Growth in Q2 could be higher as GST revenues still pouring in
Chief statistician TCA Anant on Thursday said India’s economic growth in the July-September quarter could be higher than 6.3% as indirect taxes are still being collected on account of the goods and services tax GST) which was rolled out on July 1.
“It is likely that when revised estimates are prepared, indirect tax collections for this period may actually be higher than what we have reported,” Anant said at a press conference while admitting that the GST introduced a “certain level of statistical challenge” in compiling the growth numbers.

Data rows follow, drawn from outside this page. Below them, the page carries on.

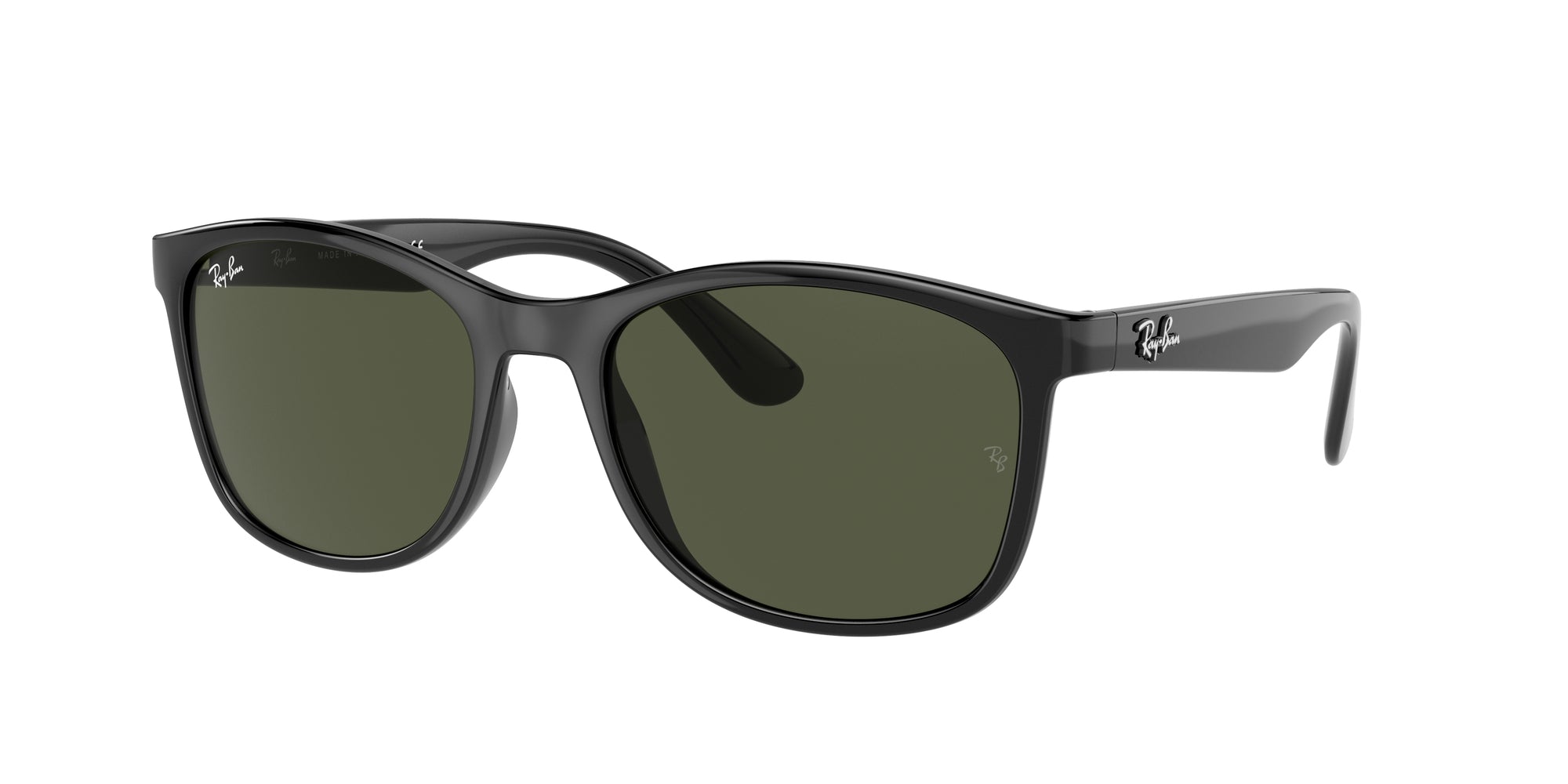 RB4374 601/31 Occhiali da sole Ray - Ban 1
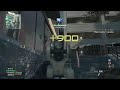 FoREv3R OnToP - MW3 Game Clip
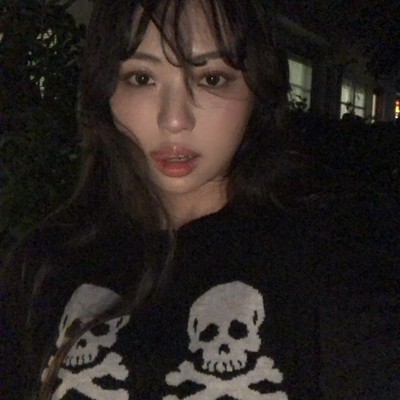 One More Night Front Cover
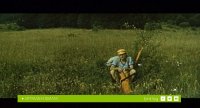 снимка 4 Тихият беглец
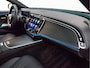 Mercedes-Benz E-klasse Estate 300 e Luxury Line | Memory | Distronic | Keyless |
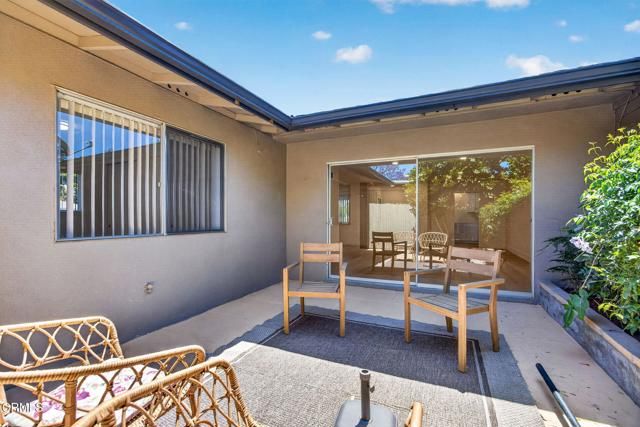 151 W Bay Boulevard, Port Hueneme, CA 93041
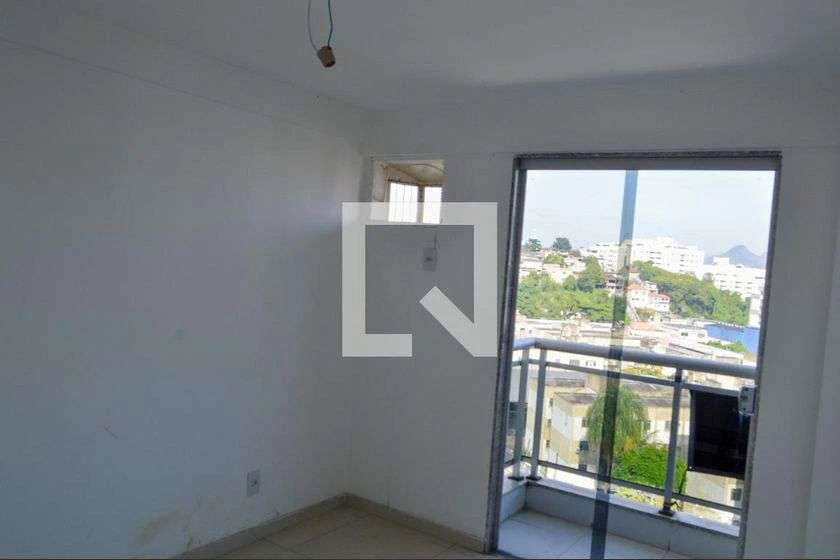 4-bedroom apartment with 1 parking spot and 78 m² — photo 6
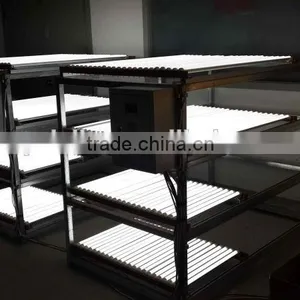 Hot New Products for 2015 18w Chinese Tube8 thumbnail-2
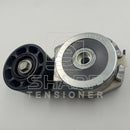 RE70536 FIT FOR JOHN DEERE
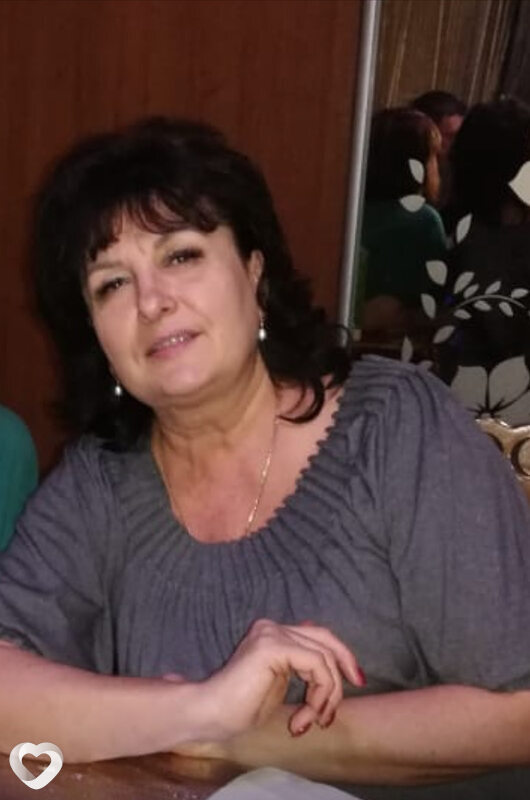 Алла, Константиновка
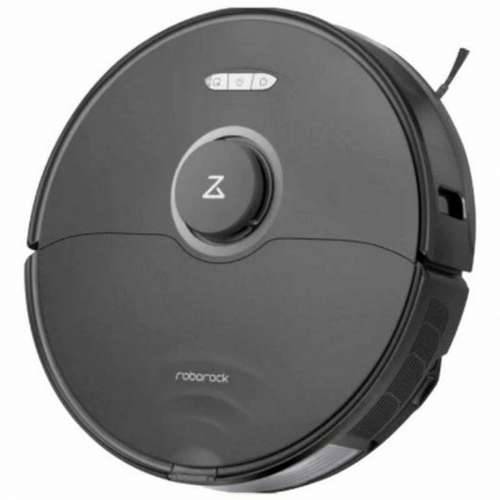 Robot usisivač Roborock S8 5200 mAh Cijena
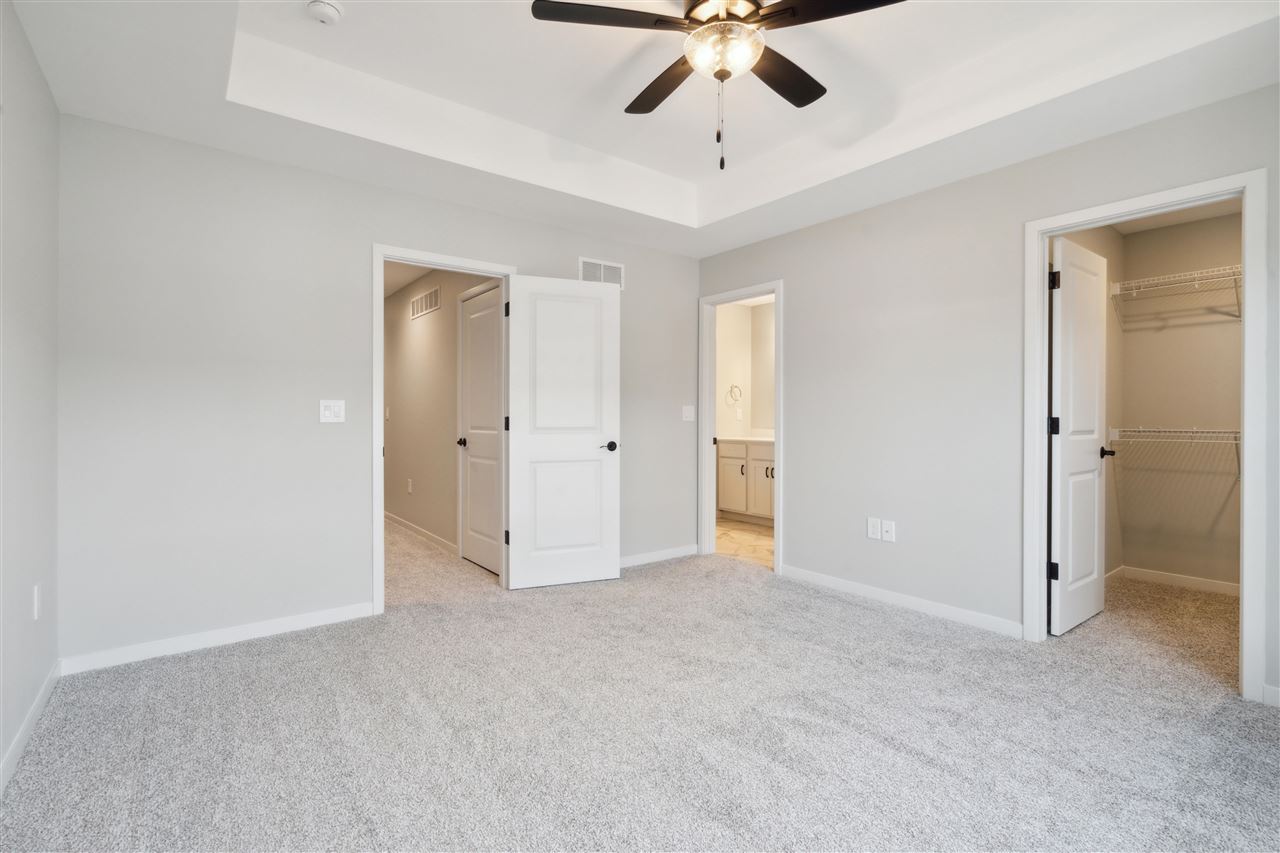 4711 Preston Lane Iowa City IA 52246
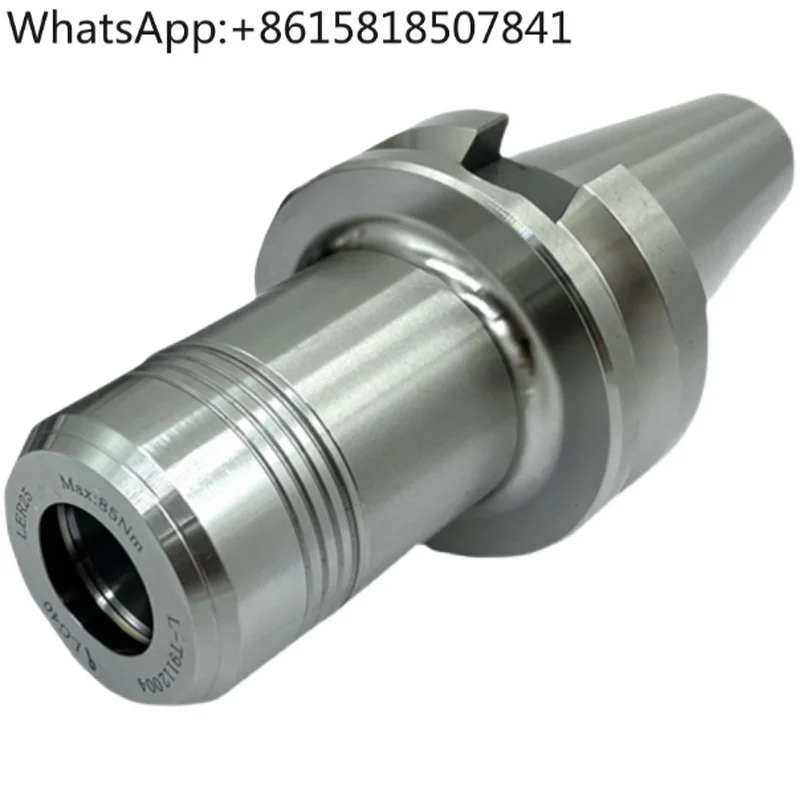 BBT40 Shank BBT30 Shank BT40-HER20 BT30 Shank Puhui HER  Windless
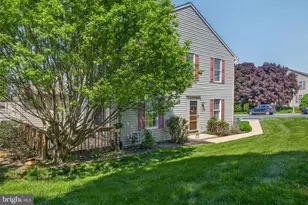 40 Battens Cir, Leola, PA 17540 - Photo 22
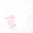2045015_972_JC.jpg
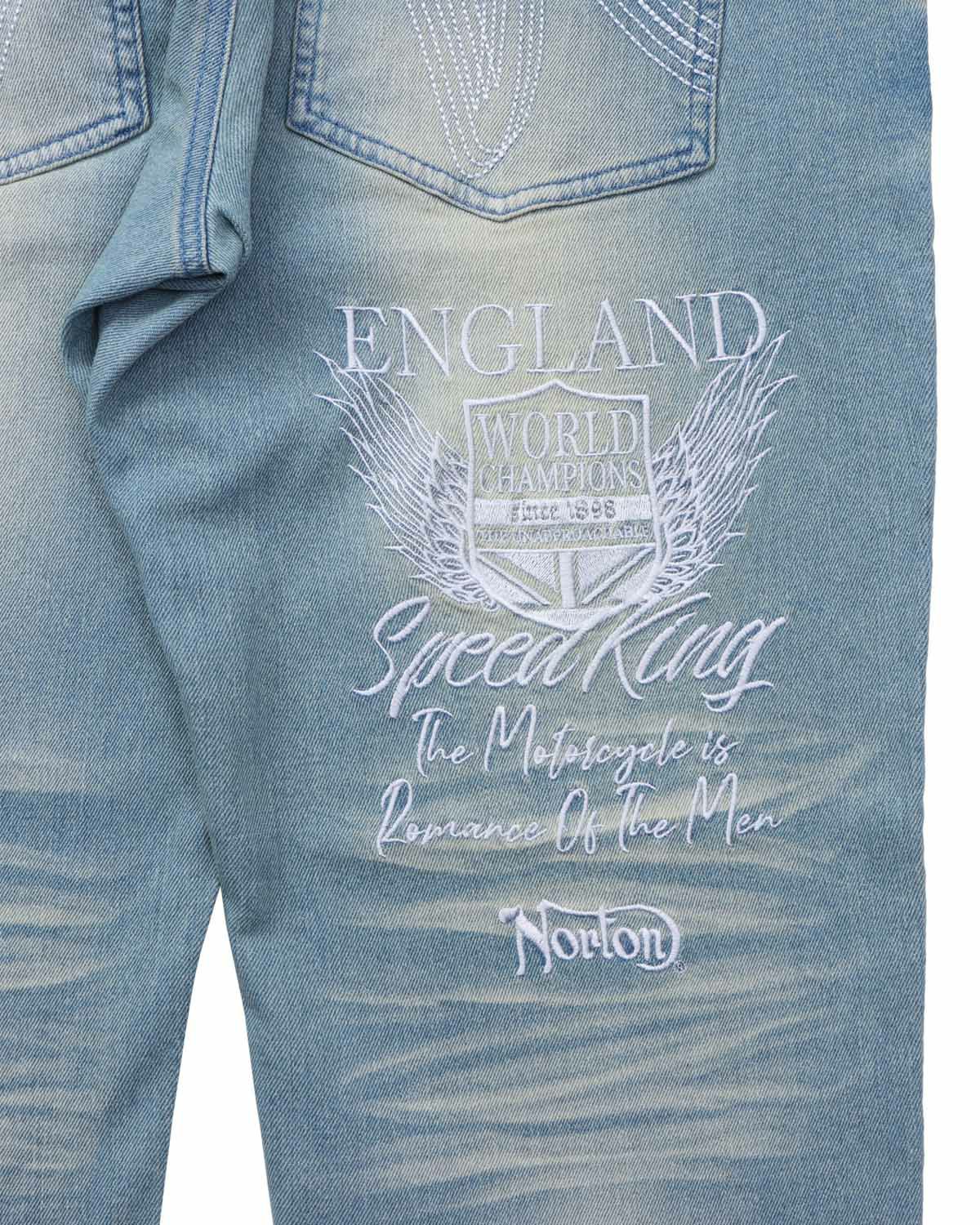 アイテムイメージ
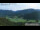 Webcam in Jachenau, 3.8 mi away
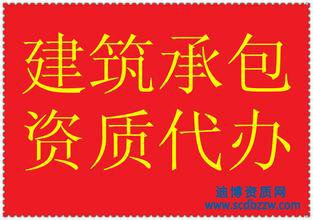 Y|kҪãY|kҪLrg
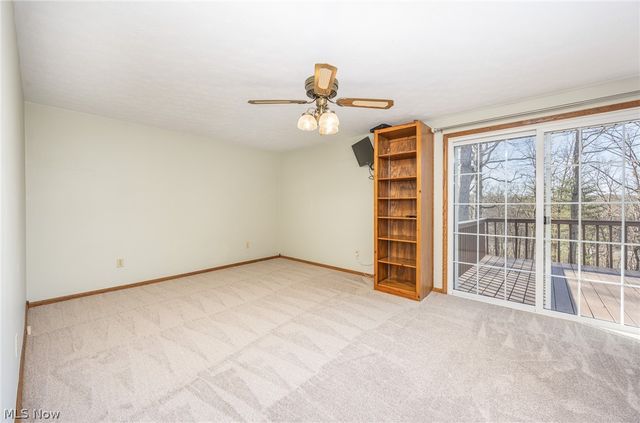 265 James Lane, Vincent, OH 45784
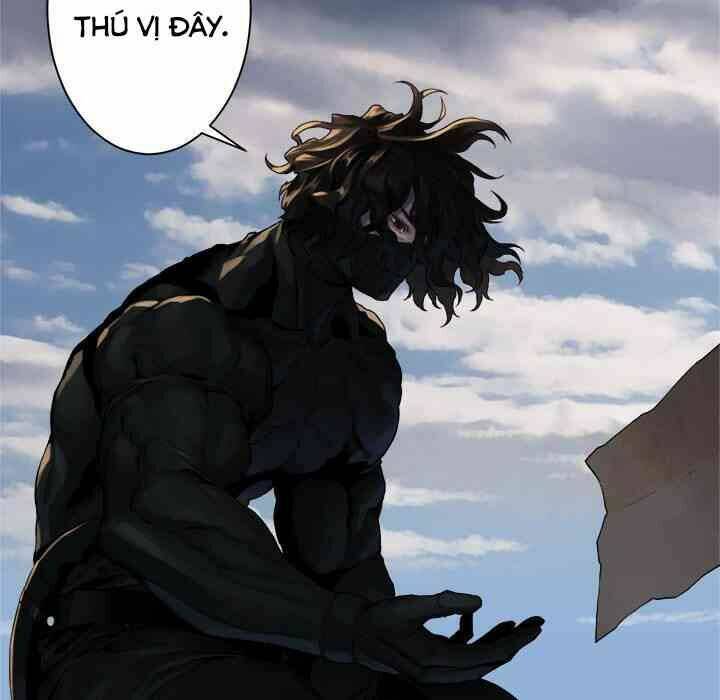 Triệu Hồi Đến Thế Giới Fantasy Chapter 72 - Trang 2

India’s growth as measured by the gross domestic product (GDP) was 6.3% in the second quarter, up from 5.7% in the previous quarter which according to Anant “shows a significant trend reversal in growth rates, indicating it is returning to more normal levels”.
He said manufacturing has shown a revival and capital goods production has picked up but construction continues to be slow but is expected to increase. Agriculture sector performance, he said, was held up because of the non-crop segment. Manufacturing grew 7% while agriculture growth was 1.7%, down from 2.3% in the trailing quarter.
GST has consolidated central and local taxes including value added tax, excise and service tax into a single levy. According to Anant, GDP could also be an underestimation on account of sales tax collection as many proxies were used to calculate it but the higher mop up could reflect in the revised growth data.
INVENTORY PILE UP
Anant said though there was no impact of inventory pile up on the gross value addition (GVA) account of GST rollout in the second quarter, the ripples can be felt in the third quarter. “It’s possible that anticipating the need for the festive season, most of the production went into the sale and inventory restocking may happen later…inventory accumulation effect may persist in the third quarter as well,” he explained.
DEMONETISATION
Commenting on the demonetisation drive last year and its impact on India’s growth, Anant said the move will be very hard to read from GDP numbers. He explained that normal trading practices and a lot of trade in India, particularly in the informal sector, is based on relationship-based trading due to which cash transactions can also be substituted with informal cred.“My suspicion is that a lot of the claims of the impact of demonetisation in agriculture simply does not account for the presence of such relationships in the sector,” he said.